__Required work__
In the entries that follow, find the line containing "雅安順序號自動標簽機PT-2430PCN兄弟標簽機" and the line containing "occasion Renault Captur", then retype exactly the lines from the first through the second, pictures excluded.

__Task data__
--*--

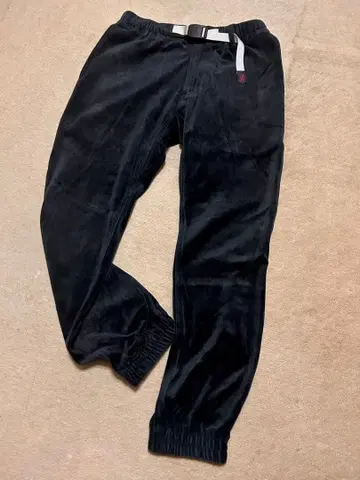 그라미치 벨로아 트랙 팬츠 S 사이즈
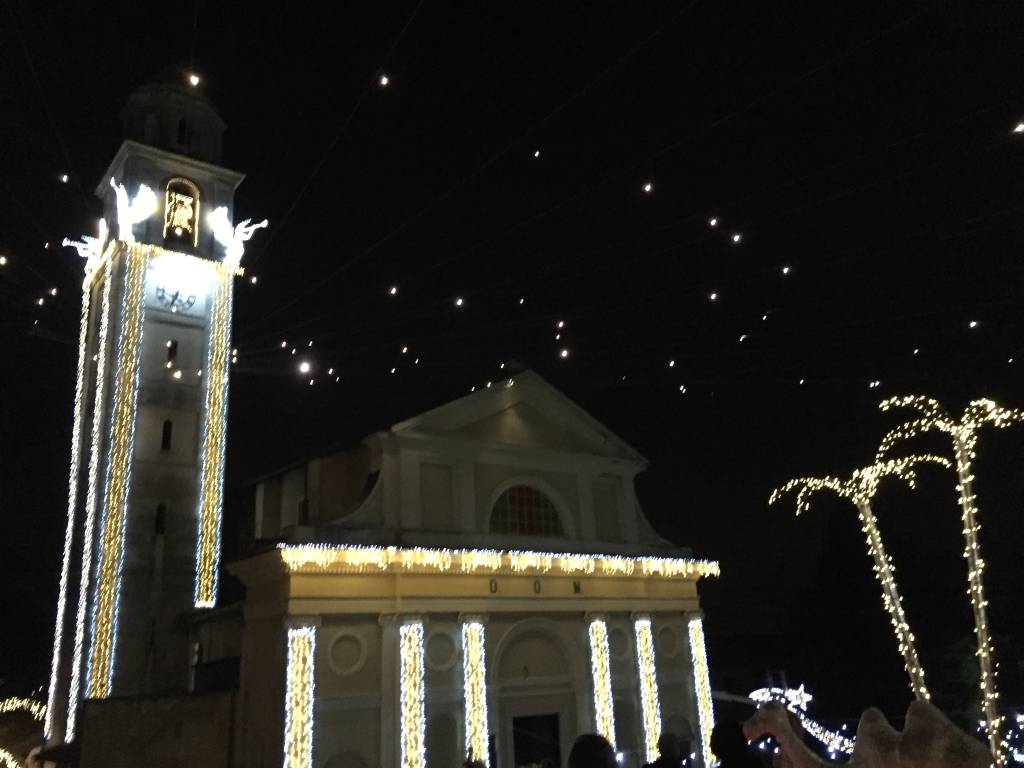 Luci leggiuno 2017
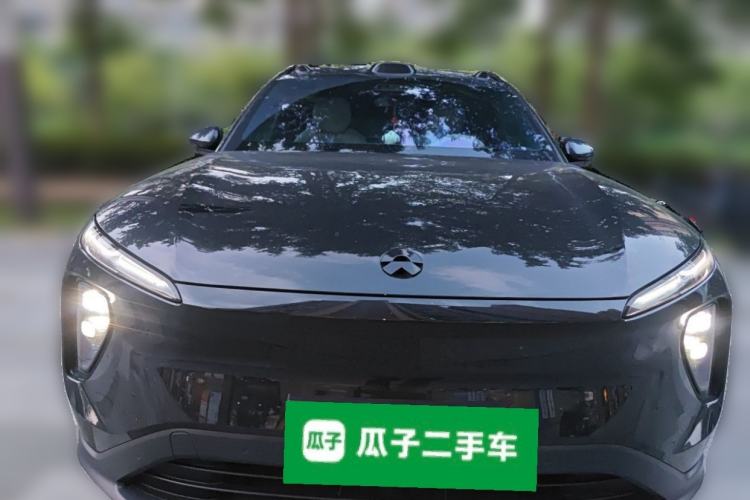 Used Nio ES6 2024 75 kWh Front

--*--

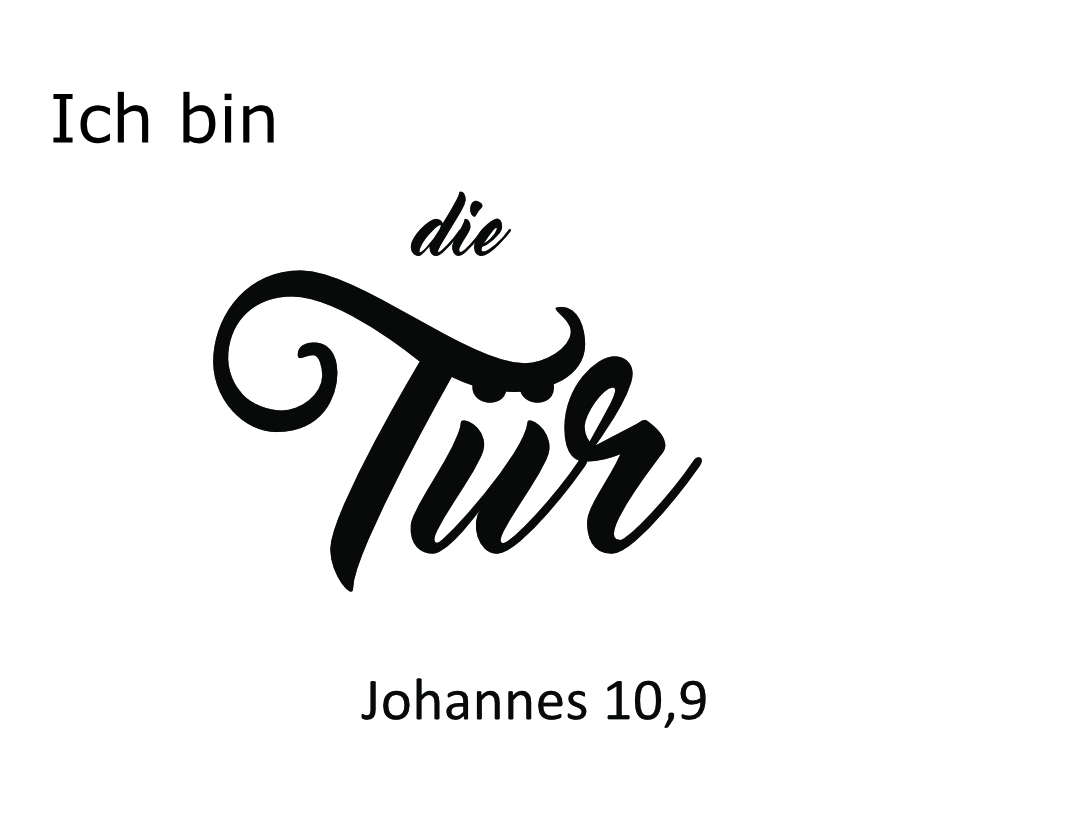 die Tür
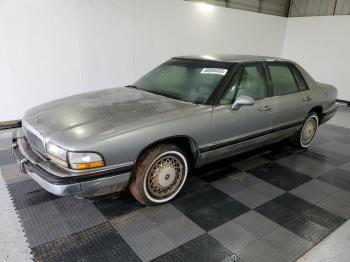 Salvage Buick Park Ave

--*--

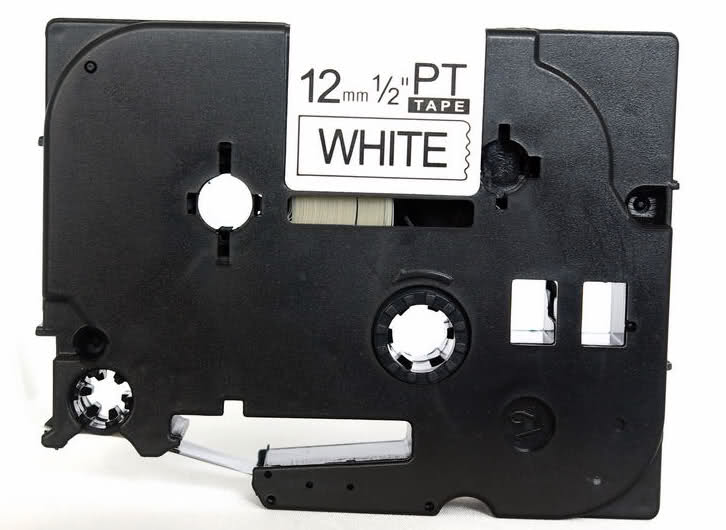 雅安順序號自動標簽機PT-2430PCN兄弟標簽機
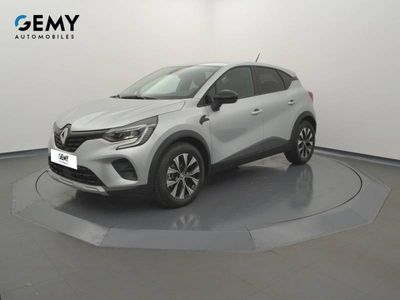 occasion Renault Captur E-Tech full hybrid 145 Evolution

--*--

__Solution to this exercise__
 雅安順序號自動標簽機PT-2430PCN兄弟標簽機
 occasion Renault Captur E-Tech full hybrid 145 Evolution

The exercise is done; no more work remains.